**Problem:** Lines from the one containing "Elegant Pale Pink" through the last one in the data below: write them out word for word, and only them.

★ ★ ★

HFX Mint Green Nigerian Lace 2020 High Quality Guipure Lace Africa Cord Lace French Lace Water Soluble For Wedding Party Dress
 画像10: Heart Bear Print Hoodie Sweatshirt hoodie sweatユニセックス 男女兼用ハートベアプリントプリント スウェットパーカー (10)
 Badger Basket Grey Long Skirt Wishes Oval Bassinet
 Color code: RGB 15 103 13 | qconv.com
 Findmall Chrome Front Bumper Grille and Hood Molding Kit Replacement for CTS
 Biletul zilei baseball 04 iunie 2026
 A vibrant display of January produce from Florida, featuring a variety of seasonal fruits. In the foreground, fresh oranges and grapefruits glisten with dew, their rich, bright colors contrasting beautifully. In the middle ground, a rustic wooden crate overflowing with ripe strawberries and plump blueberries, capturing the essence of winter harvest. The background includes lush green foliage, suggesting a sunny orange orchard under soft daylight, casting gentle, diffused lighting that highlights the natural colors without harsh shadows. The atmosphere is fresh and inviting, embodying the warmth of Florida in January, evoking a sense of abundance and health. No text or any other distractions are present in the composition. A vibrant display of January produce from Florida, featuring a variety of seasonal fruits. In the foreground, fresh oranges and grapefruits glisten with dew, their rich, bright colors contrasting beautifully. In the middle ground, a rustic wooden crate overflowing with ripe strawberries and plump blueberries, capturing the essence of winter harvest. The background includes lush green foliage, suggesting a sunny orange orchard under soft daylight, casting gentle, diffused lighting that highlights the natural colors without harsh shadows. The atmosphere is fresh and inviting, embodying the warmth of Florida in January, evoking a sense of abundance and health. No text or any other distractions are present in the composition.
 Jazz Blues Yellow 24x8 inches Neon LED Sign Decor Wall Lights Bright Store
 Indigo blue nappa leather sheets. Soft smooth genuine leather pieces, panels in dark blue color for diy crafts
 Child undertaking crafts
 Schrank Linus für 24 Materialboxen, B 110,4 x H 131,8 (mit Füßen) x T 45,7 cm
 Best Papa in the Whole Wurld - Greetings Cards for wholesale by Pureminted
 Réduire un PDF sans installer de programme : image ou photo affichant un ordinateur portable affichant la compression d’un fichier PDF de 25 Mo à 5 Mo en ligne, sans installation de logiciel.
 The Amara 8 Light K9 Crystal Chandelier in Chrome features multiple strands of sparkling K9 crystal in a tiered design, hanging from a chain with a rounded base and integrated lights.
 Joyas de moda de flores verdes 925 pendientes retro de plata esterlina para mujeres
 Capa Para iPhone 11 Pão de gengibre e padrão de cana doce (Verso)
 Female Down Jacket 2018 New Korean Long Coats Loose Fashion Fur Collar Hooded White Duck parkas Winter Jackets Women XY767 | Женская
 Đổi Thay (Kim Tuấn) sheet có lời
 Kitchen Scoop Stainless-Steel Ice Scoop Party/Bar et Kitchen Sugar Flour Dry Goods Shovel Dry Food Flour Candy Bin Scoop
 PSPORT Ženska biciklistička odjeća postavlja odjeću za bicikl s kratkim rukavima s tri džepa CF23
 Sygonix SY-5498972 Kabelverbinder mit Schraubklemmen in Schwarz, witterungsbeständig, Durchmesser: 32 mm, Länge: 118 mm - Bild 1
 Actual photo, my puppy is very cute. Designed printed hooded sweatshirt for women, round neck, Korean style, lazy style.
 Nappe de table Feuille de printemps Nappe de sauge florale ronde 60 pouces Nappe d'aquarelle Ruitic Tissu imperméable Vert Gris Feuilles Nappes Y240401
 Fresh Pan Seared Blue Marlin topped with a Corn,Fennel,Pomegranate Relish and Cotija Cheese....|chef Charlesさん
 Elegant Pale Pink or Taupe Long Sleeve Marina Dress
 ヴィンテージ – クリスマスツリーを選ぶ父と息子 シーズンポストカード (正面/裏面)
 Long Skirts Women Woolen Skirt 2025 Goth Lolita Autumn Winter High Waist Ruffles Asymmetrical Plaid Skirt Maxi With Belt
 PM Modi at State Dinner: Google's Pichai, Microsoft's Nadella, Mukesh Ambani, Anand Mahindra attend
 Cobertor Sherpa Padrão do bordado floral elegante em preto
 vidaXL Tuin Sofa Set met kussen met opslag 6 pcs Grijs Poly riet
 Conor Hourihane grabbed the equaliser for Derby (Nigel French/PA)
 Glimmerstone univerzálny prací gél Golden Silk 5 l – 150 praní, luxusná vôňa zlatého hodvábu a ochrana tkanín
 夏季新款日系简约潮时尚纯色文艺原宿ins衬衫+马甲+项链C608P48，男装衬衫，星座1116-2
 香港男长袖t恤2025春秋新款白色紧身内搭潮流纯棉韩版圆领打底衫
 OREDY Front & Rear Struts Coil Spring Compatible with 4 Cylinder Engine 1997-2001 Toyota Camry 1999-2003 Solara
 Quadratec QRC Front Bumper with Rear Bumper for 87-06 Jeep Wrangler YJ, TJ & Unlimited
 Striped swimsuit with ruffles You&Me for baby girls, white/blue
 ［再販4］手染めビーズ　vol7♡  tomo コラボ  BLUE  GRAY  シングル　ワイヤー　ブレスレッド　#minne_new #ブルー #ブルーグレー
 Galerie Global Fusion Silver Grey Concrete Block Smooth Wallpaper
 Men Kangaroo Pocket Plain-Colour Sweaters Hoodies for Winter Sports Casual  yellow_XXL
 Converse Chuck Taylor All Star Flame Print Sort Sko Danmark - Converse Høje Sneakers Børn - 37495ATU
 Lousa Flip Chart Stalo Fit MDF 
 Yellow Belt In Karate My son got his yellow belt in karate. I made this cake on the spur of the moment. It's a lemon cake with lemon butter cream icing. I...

★ ★ ★

**Answer to the problem:**
 Elegant Pale Pink or Taupe Long Sleeve Marina Dress
 ヴィンテージ – クリスマスツリーを選ぶ父と息子 シーズンポストカード (正面/裏面)
 Long Skirts Women Woolen Skirt 2025 Goth Lolita Autumn Winter High Waist Ruffles Asymmetrical Plaid Skirt Maxi With Belt
 PM Modi at State Dinner: Google's Pichai, Microsoft's Nadella, Mukesh Ambani, Anand Mahindra attend
 Cobertor Sherpa Padrão do bordado floral elegante em preto
 vidaXL Tuin Sofa Set met kussen met opslag 6 pcs Grijs Poly riet
 Conor Hourihane grabbed the equaliser for Derby (Nigel French/PA)
 Glimmerstone univerzálny prací gél Golden Silk 5 l – 150 praní, luxusná vôňa zlatého hodvábu a ochrana tkanín
 夏季新款日系简约潮时尚纯色文艺原宿ins衬衫+马甲+项链C608P48，男装衬衫，星座1116-2
 香港男长袖t恤2025春秋新款白色紧身内搭潮流纯棉韩版圆领打底衫
 OREDY Front & Rear Struts Coil Spring Compatible with 4 Cylinder Engine 1997-2001 Toyota Camry 1999-2003 Solara
 Quadratec QRC Front Bumper with Rear Bumper for 87-06 Jeep Wrangler YJ, TJ & Unlimited
 Striped swimsuit with ruffles You&Me for baby girls, white/blue
 ［再販4］手染めビーズ　vol7♡  tomo コラボ  BLUE  GRAY  シングル　ワイヤー　ブレスレッド　#minne_new #ブルー #ブルーグレー
 Galerie Global Fusion Silver Grey Concrete Block Smooth Wallpaper
 Men Kangaroo Pocket Plain-Colour Sweaters Hoodies for Winter Sports Casual  yellow_XXL
 Converse Chuck Taylor All Star Flame Print Sort Sko Danmark - Converse Høje Sneakers Børn - 37495ATU
 Lousa Flip Chart Stalo Fit MDF 
 Yellow Belt In Karate My son got his yellow belt in karate. I made this cake on the spur of the moment. It's a lemon cake with lemon butter cream icing. I...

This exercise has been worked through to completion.